EXERCISE OBJECTIVE:
The line containing "Elevate your style" marks the start. Restate it and every following line through the end of the records exactly, and nothing else, leaving out the pictures.

══════════

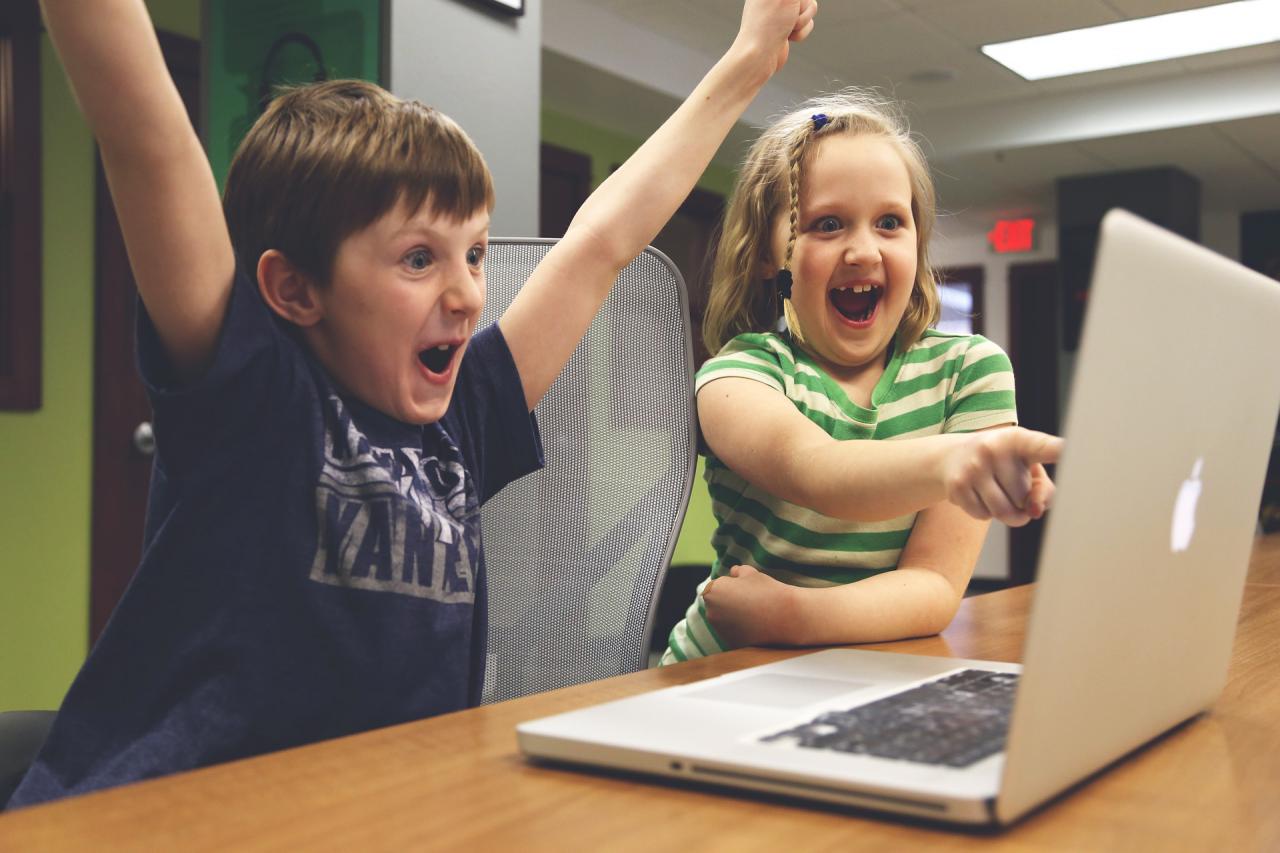 Los niños tienden a copiar la conducta de sus padres a la hora de usar dispositivos tecnológicos  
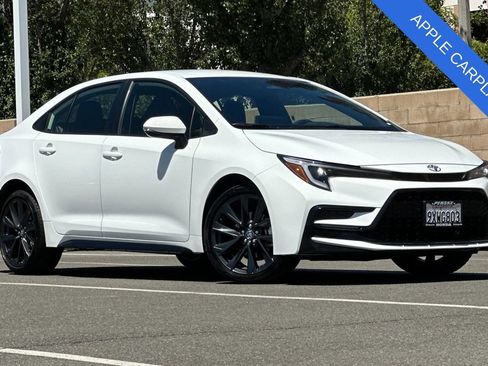 Used 2026 Toyota Corolla SE w/ SE Premium Package FWD image 2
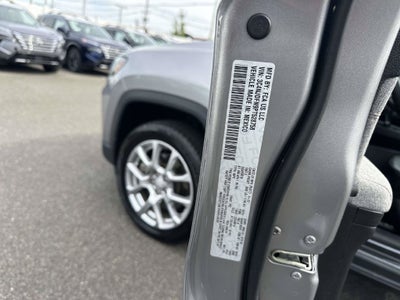 2023 Jeep Compass Latitude Lux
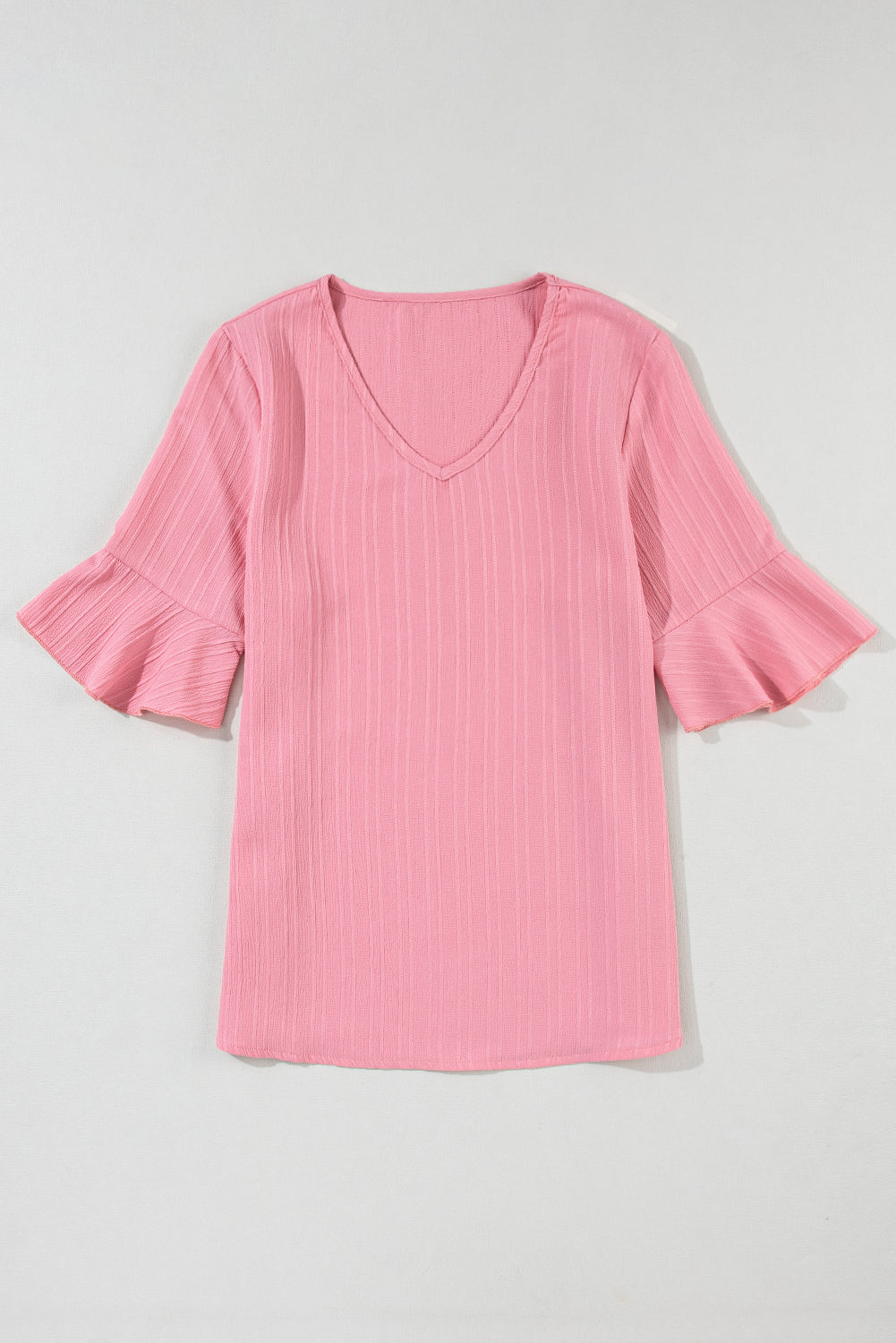 Beau Blue Ruffled Short Sleeve V Neck Textured BlouseMaterial:97%Polyester+3%Elastane



		Elevate your style with this stylish and popular women's top featuring textured fabric. 
	
	
		The V-neck, ruffled sleeves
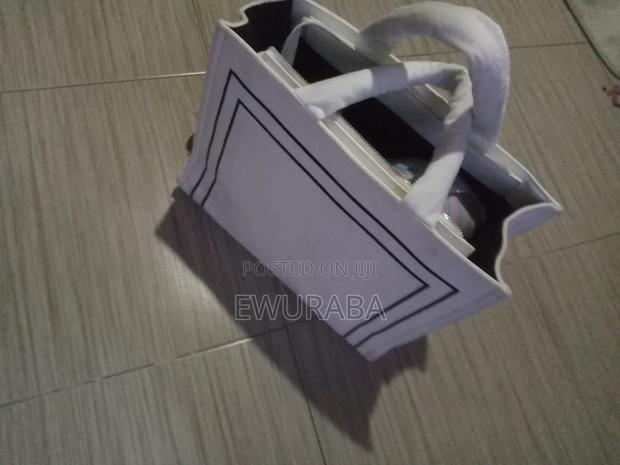 Large Capacity Tote Bag photo 3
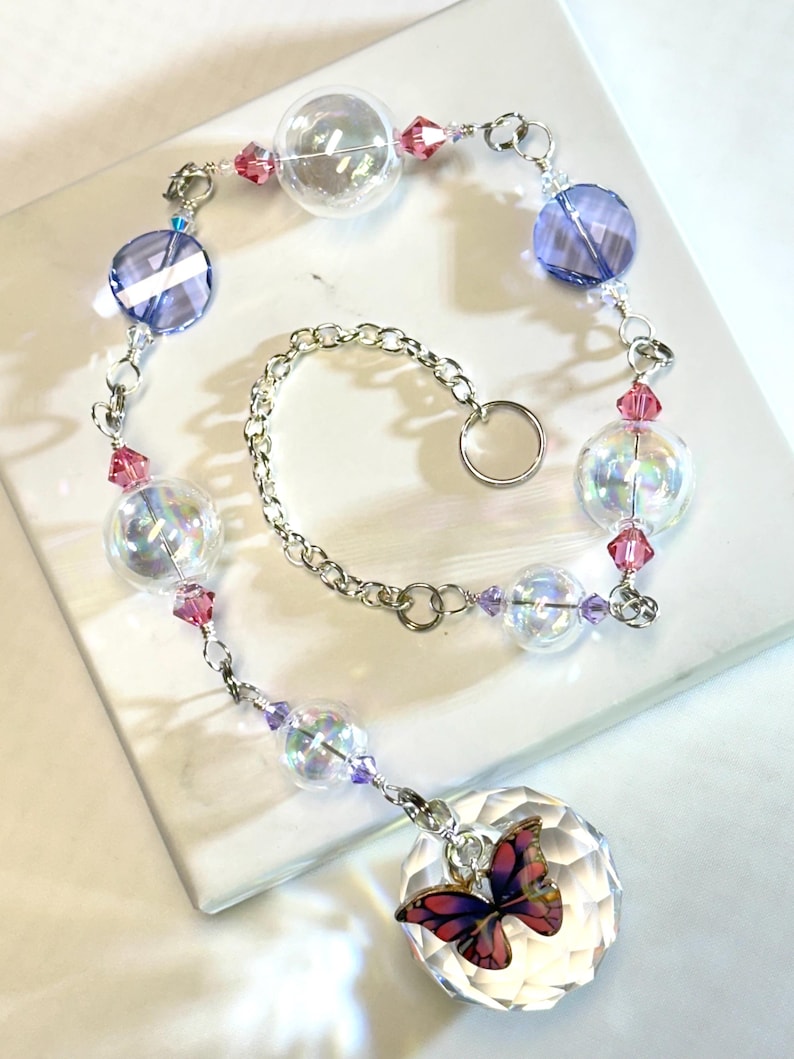 Atrapasueños Swarovski violeta y rosa con globos de vidrio soplado, dije de mariposa y globo prismático de cristal transparente. imagen 3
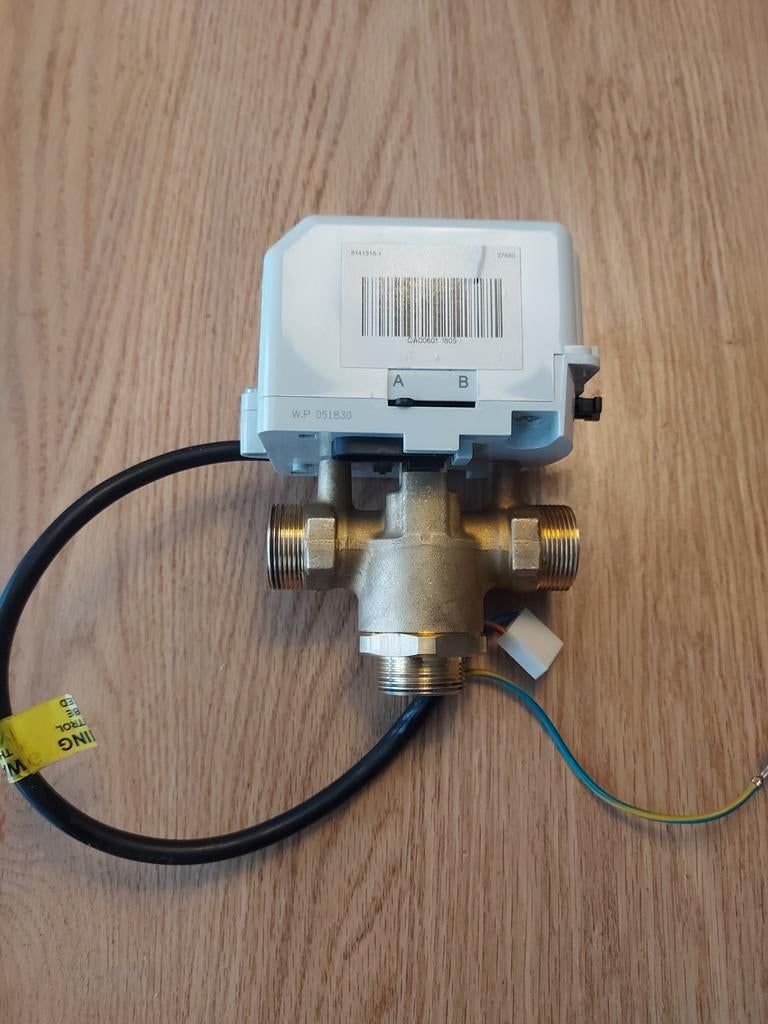 itho daalderop combifort driewegklep Drayton 75.83.01.008, Ophalen of Verzenden, Gebruikt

══════════

EXERCISE OUTPUT:
		Elevate your style with this stylish and popular women's top featuring textured fabric. 
	
	
		The V-neck, ruffled sleeves
 Large Capacity Tote Bag photo 3
 Atrapasueños Swarovski violeta y rosa con globos de vidrio soplado, dije de mariposa y globo prismático de cristal transparente. imagen 3
 itho daalderop combifort driewegklep Drayton 75.83.01.008, Ophalen of Verzenden, Gebruikt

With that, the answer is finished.